• _What needs to be done_: Transcribe the listing below in full, exactly, with no images.

• _Provided material_:
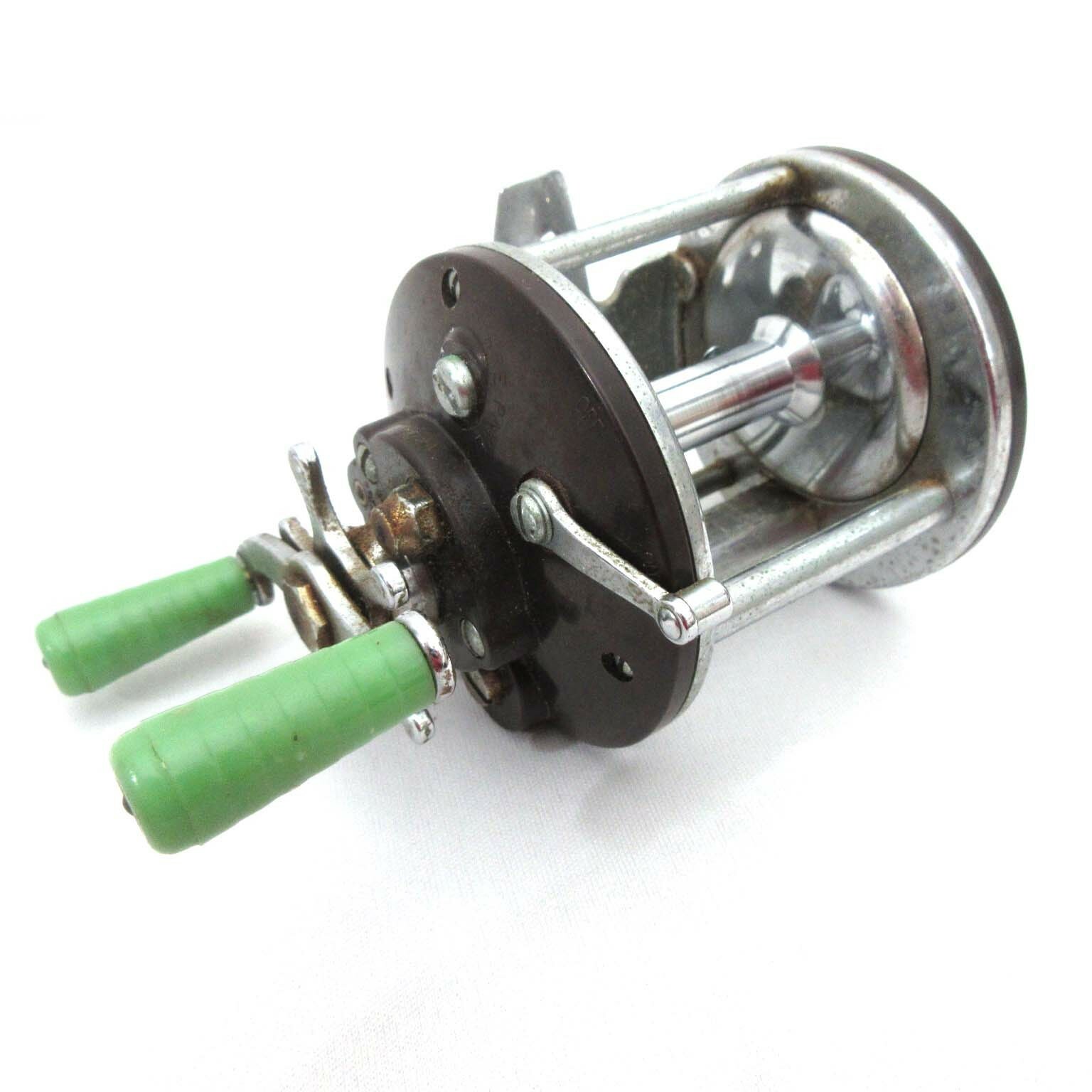Vintage Penn Peer N. 109 Levelwind Fishing Reel Green Handle Made in USA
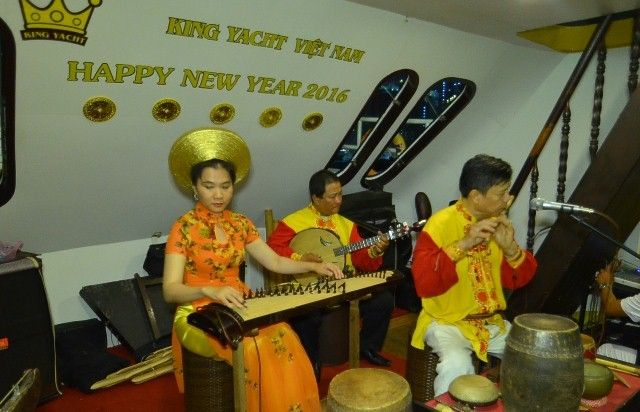 Nghệ sỹ Đức Dậu biểu diễn nghệ thuật truyền thống phục vụ du khách.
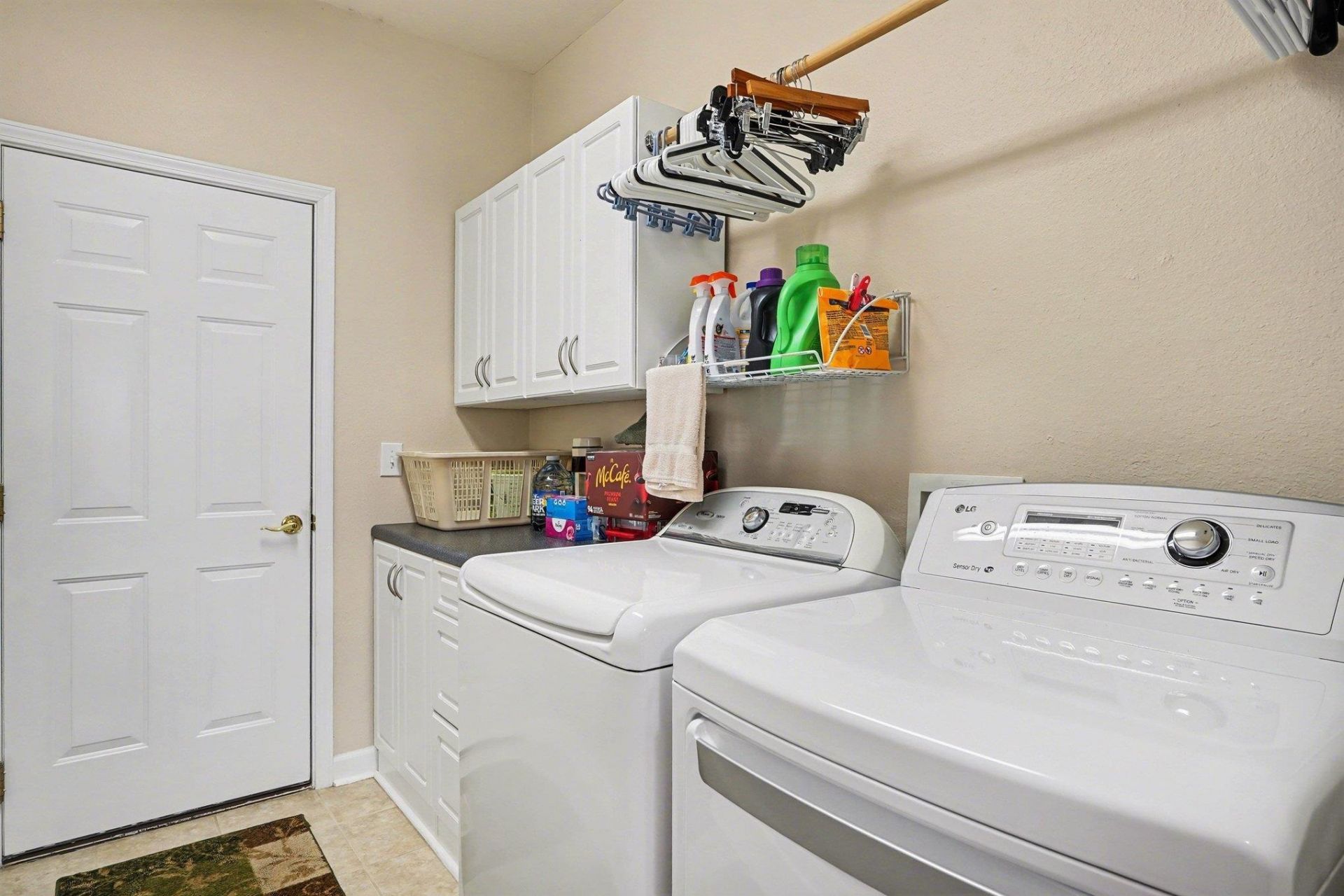 836 Clarion Ct. Photo 27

• _Written answer_:
Vintage Penn Peer N. 109 Levelwind Fishing Reel Green Handle Made in USA
 Nghệ sỹ Đức Dậu biểu diễn nghệ thuật truyền thống phục vụ du khách.
 836 Clarion Ct. Photo 27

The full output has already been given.